The prohibition against torture and other ill-treatment extends even to times of armed conflict, whether the conflict is international (between countries) or internal (within a single country). In times of conflict all parties have to refrain from subjecting anyone in their hands to torture and other ill-treatment, whether they are combatants taking part in the fighting, whether they no longer take part in the fighting (e.g. due to being detained, or being wounded or sick) or whether they are civilians. International humanitarian law, of which the Geneva Conventions form a part, contains laws protecting people in times of armed conflict. The prohibition against torture in humanitarian law is expressly found in a number of provisions of the four 1949 Geneva Conventions and their Additional Protocols of 1977. An act of torture committed in the context of an armed conflict is a war crime.

Torture is also considered to be a crime against humanity when the acts are perpetrated as part of a widespread or systematic attack against a civilian population, whether or not they are committed in the course of an armed conflict.

Under international law, the use of torture can be regarded as both the responsibility of the state itself and the individual criminal responsibility of persons involved. Those who carry out the act of torture can be tried in domestic and international courts.

In summary, the strong and unequivocal prohibition of torture means that torture can never be justified, in any situation, including public emergencies and even war. No case of torture, whatever the circumstances, can be ignored.

A number of UN bodies have been created by particular conventions to monitor compliance with these standards and provide guidance on how they should be interpreted. These bodies generally issue general comments and recommendations, review reports by states parties and issue concluding observations on the compliance of a state with the relevant convention. Some also consider complaints from individuals who claim to have suffered violations. In this way they can provide authoritative interpretations of the treaty provisions and the obligations that these place on states parties.
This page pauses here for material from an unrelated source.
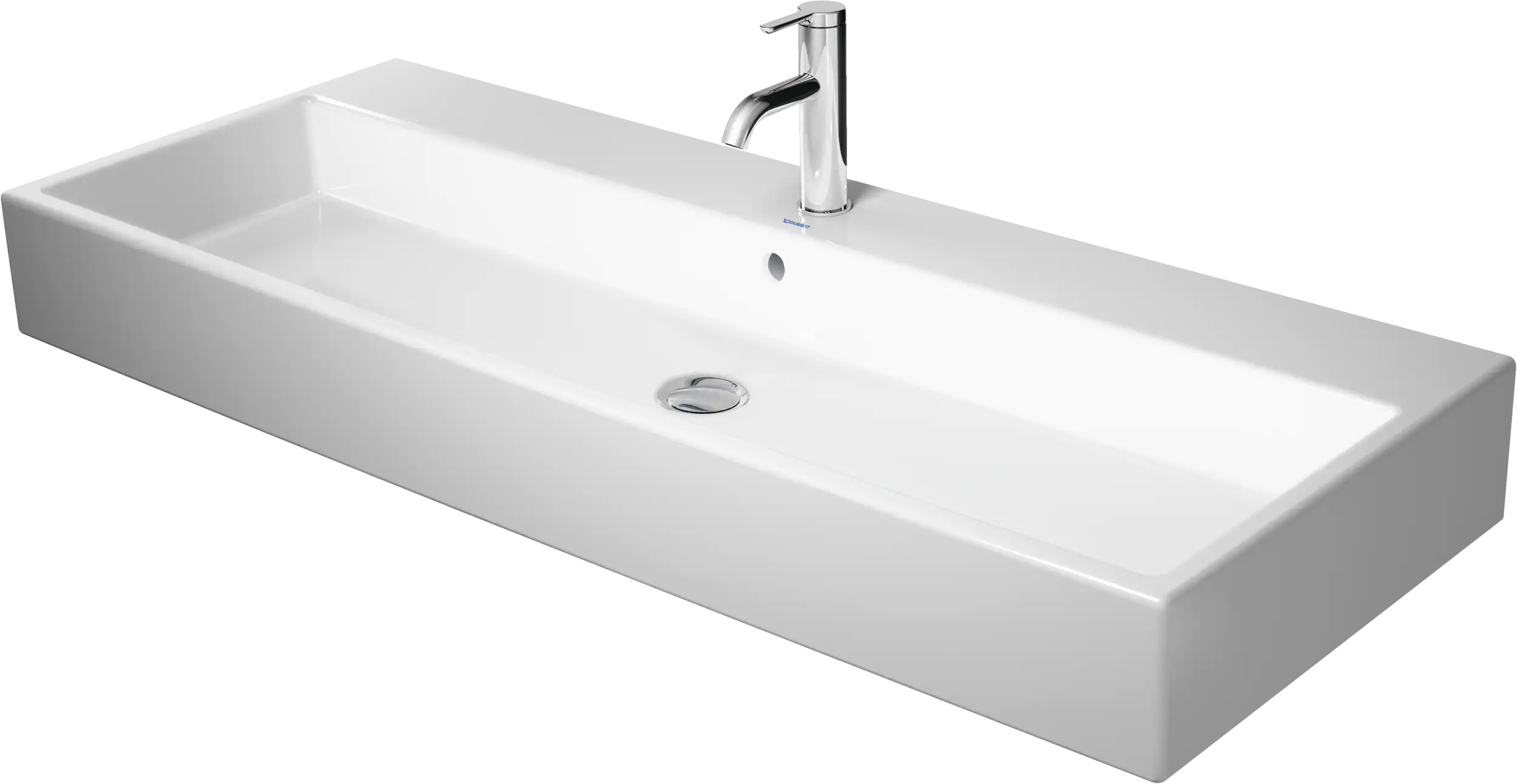 Duravit Vero 47 1/4'' Rectangular Vessel Sink in White with Single Faucet Hole and with Overflow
[1] Article 38 of the Statute of the International Court of Justice lists the means for determining the rules of international law as: international conventions establishing rules, international custom as evidence of a general practice accepted as law, the general principles of law recognised by civilised nations and judicial decisions and the teaching of eminent publicists. General international law (customary international law) consists of norms that emanate from various combinations of these sources.